Abuse of Workers is Critical Issue Across Iran
The struggle by workers at the Haft Tappeh sugar complex against severe violations is by no means an anomaly; workers face chronically unpaid wages and undelivered health insurance benefits, and suffer the consequences of corrupt privatization schemes, in companies and industries across the country.
There have been significant worker protests over similar issues at the Tabriz Machinery Manufacturing Company, in Tabriz, East Azerbaijan Province; at the Hepco Arak Company, in Arak, Markazi Province; at AzarAb Arak Industries, also in Arak; and at the Almahdi Aluminum Company, in Bandar Abbas, Hormozgan province. Protests have even reached Iran’s critical oil industry, with workers in the country’s oil refining, petrochemicals and drilling industries striking in southern Iran over working conditions and unpaid wages.
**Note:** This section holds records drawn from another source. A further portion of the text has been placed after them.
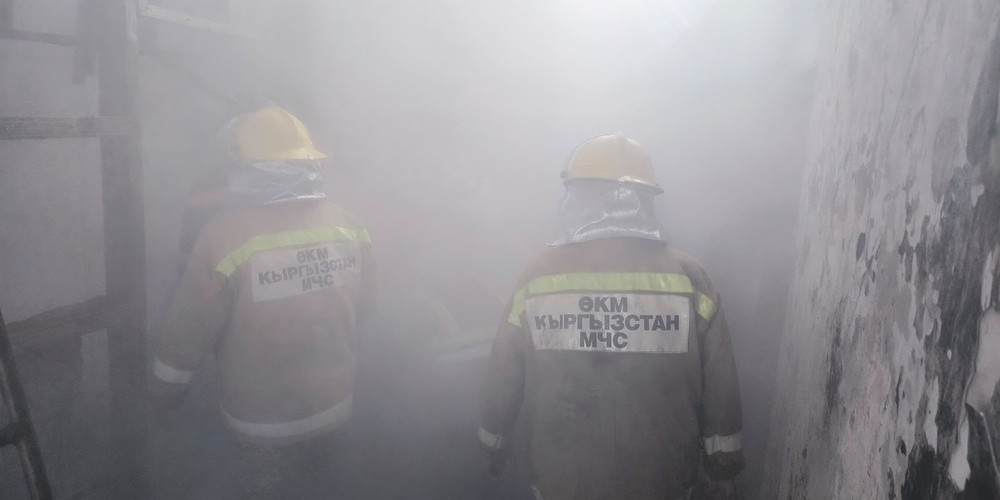 Кыргызстанда акыркы суткада 15 өрт кырсыгы катталды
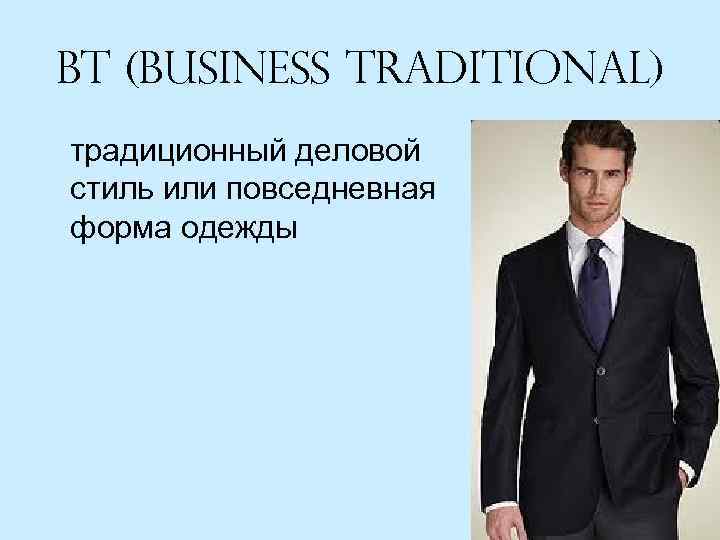 Bt (Business traditional) традиционный деловой стиль или повседневная форма одежды 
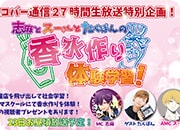 ニコバー通信！27時間生放送特別企画！8月23日(木)11：15～12：30分放送！香水作り体験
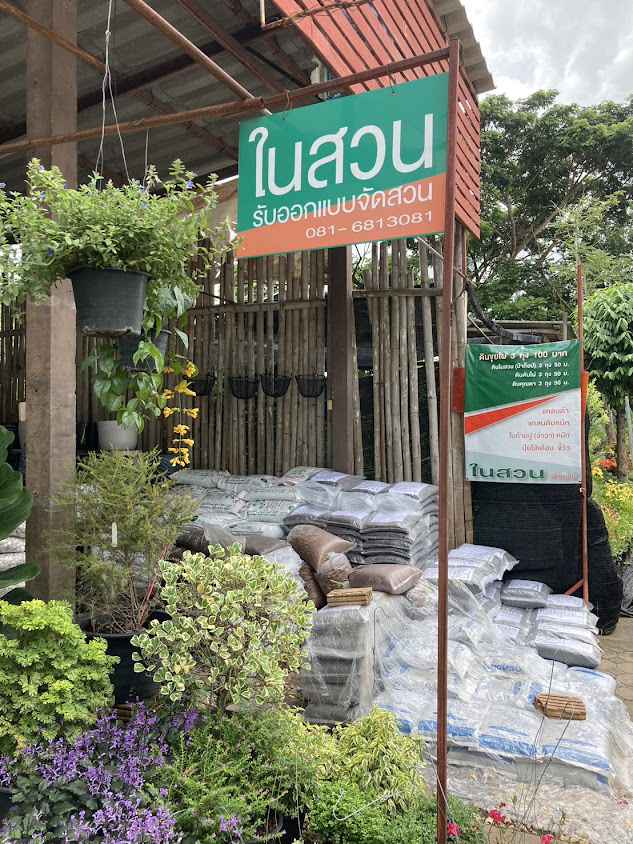 ร้าน สวนสุขใจ - 4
The issues that brought Haft Tappeh workers and so many other workers to protest are not the only critical labor problems in Iran, workers also face wages that are often below fair-wage levels; unsafe work conditions; the under-provision of insurance even though it is required; the widespread use of temporary contracts that deprive workers of security and benefits; discrimination in the workplace based on gender, religion, ethnicity, sexuality and disabilities; and the widespread exploitation of children and migrants in the labor market.
The Haft Tappeh workers may have scored an initial win with the ruling; it remains to be seen how it will be implemented—and if another corrupt ownership scheme will simply emerge that leaves worker violations unaddressed.
With state-run courts deciding the outcomes of labor disputes, independent unions unable to effectively bargain collectively or press grievances, and labor leaders jailed when they advocate for labor rights, the outlook for workers in Iran looks grim.